* Task brief: Starting at the line with "Lacoste Jersey con capucha - watermelon", copy each line through the last one below exactly as written, without any pictures.
*** Opening of Data block ***
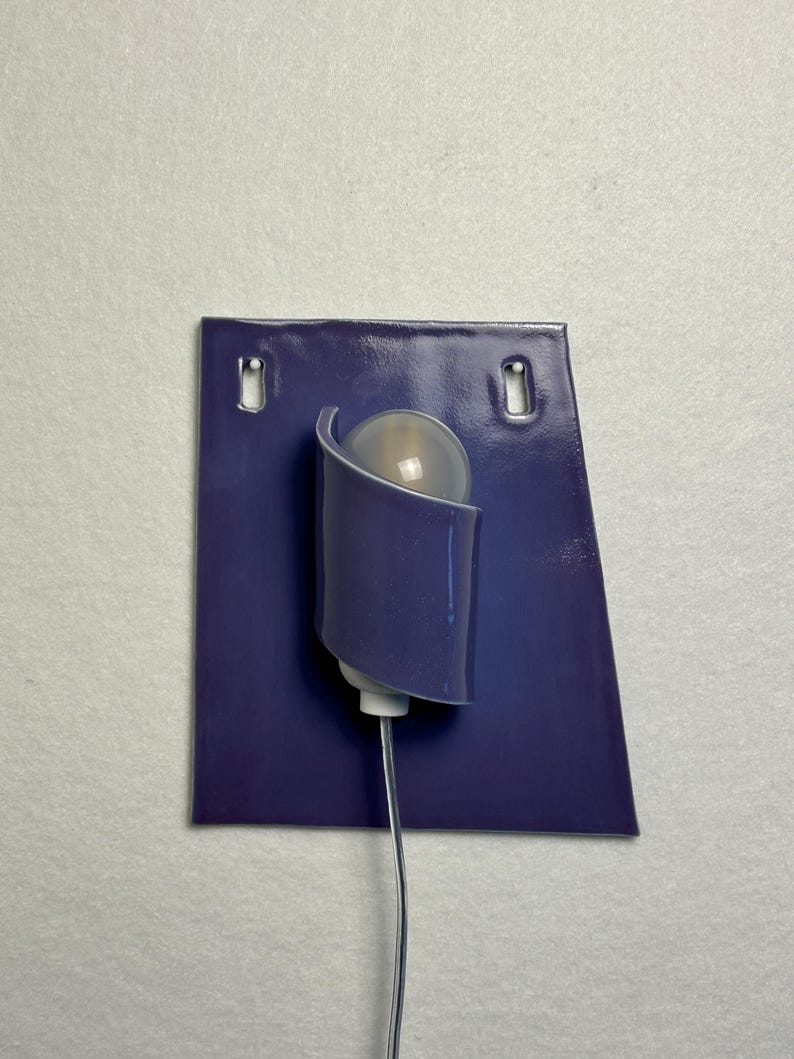 Pode incluir: Uma arandela de parede moderna com uma placa traseira retangular roxa escura e dois orif&iacute;cios de montagem. Uma sombra curva roxa abriga uma l&acirc;mpada esf&eacute;rica fosca. Um fio fino e prateado se estende da base.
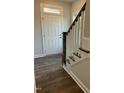 Elegant entryway with hardwood floors and a staircase at 1916 Fishamble St, Fuquay Varina, NC 27526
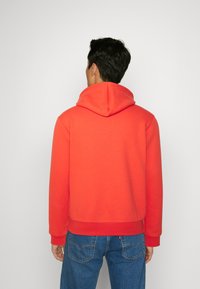 Lacoste Jersey con capucha - watermelon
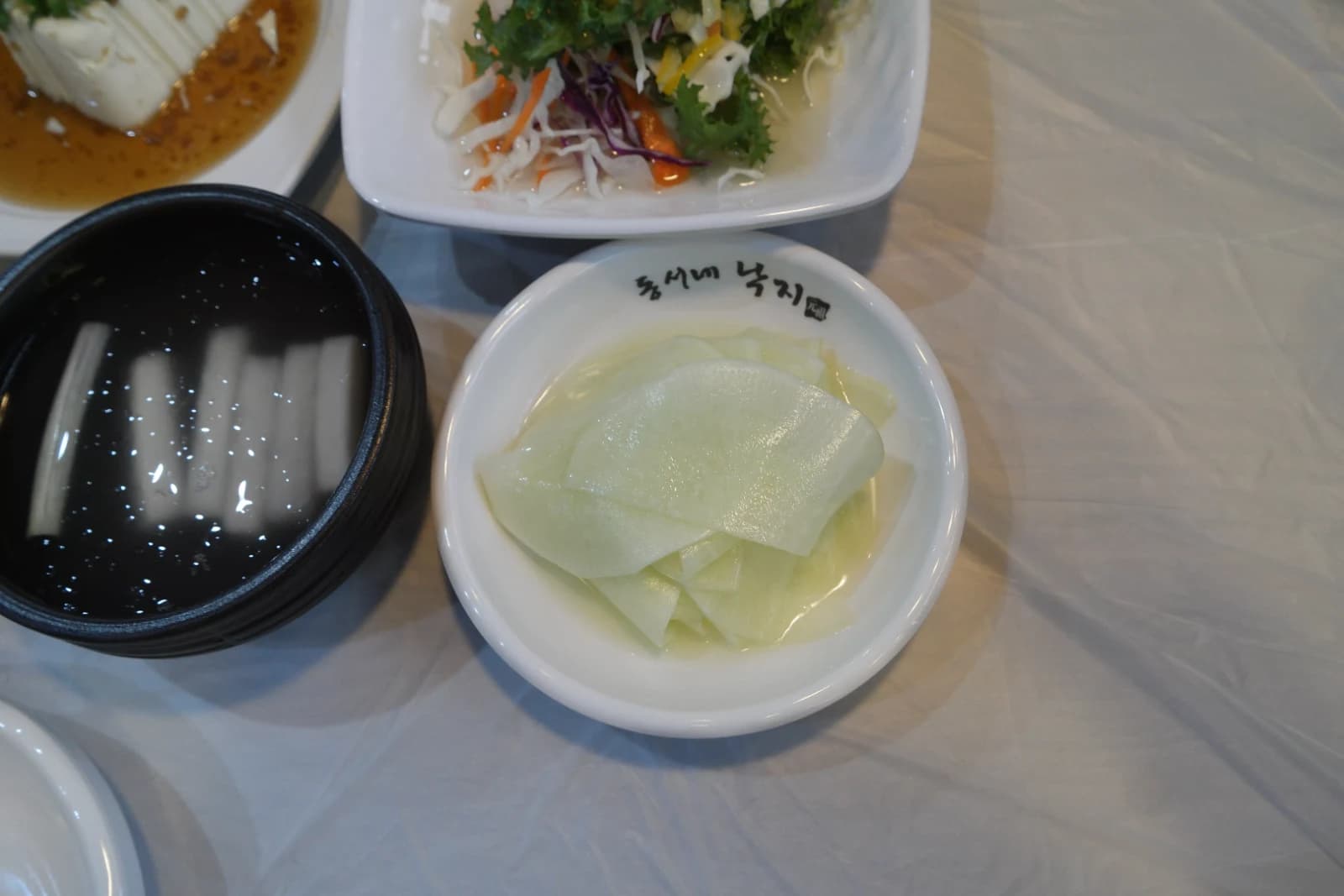 Thinly sliced radish pickled in vinegar served as a tangy Korean side dish called chomuchim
*** Close of Data block ***
* Solution:
 Lacoste Jersey con capucha - watermelon
 Thinly sliced radish pickled in vinegar served as a tangy Korean side dish called chomuchim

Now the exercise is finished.